(Recorded data):
------------------------------------------------------------------------

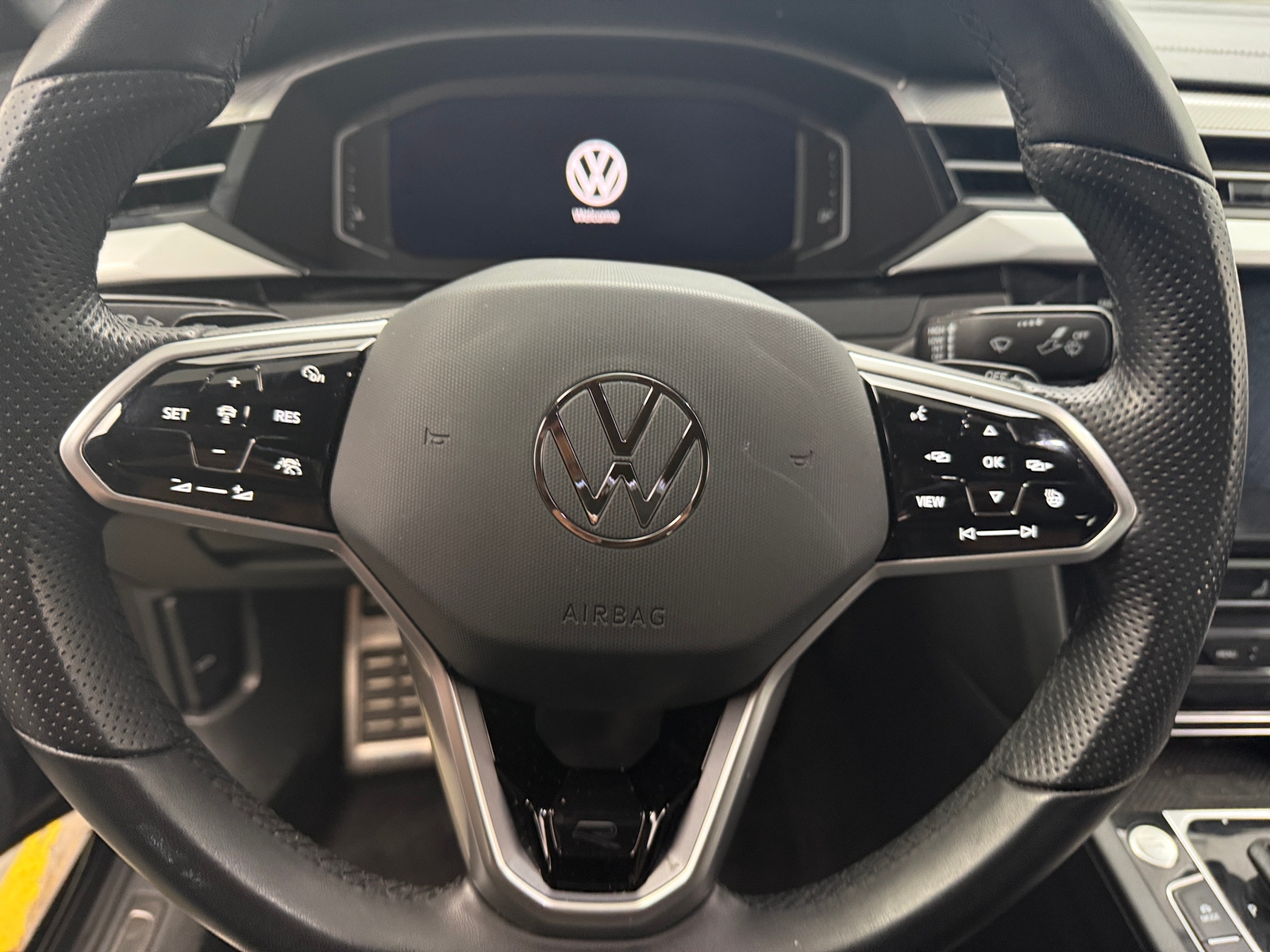 Thumbnail: 2023 Volkswagen Arteon - 4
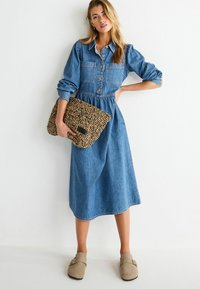 Next SMOCK MIDI  - Farkkumekko - mid blue denim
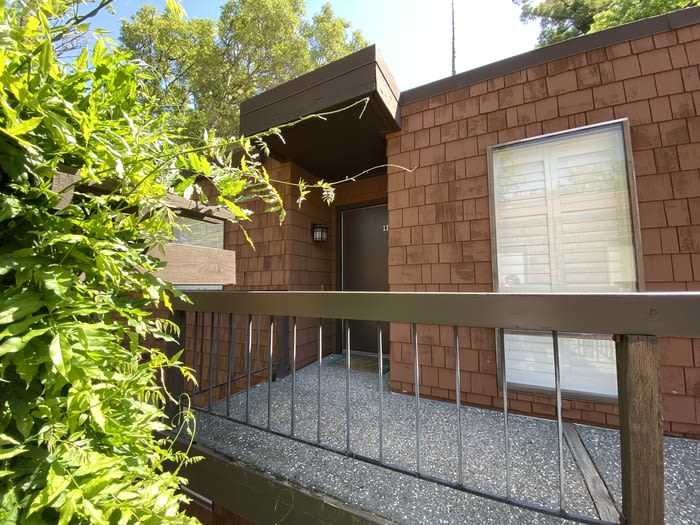 802 Woodside Lane East – photo 1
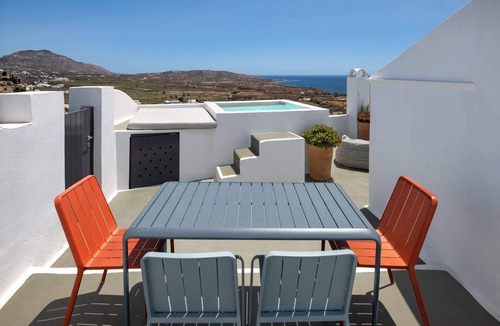Akrotiri Apartment | Amphora Helios Gem - Private Jacuzzi and Views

------------------------------------------------------------------------

(What the task asks): Copy all the material above exactly, but skip each image.

(Output below):
 Thumbnail: 2023 Volkswagen Arteon - 4
 Next SMOCK MIDI  - Farkkumekko - mid blue denim
 802 Woodside Lane East – photo 1
Akrotiri Apartment | Amphora Helios Gem - Private Jacuzzi and Views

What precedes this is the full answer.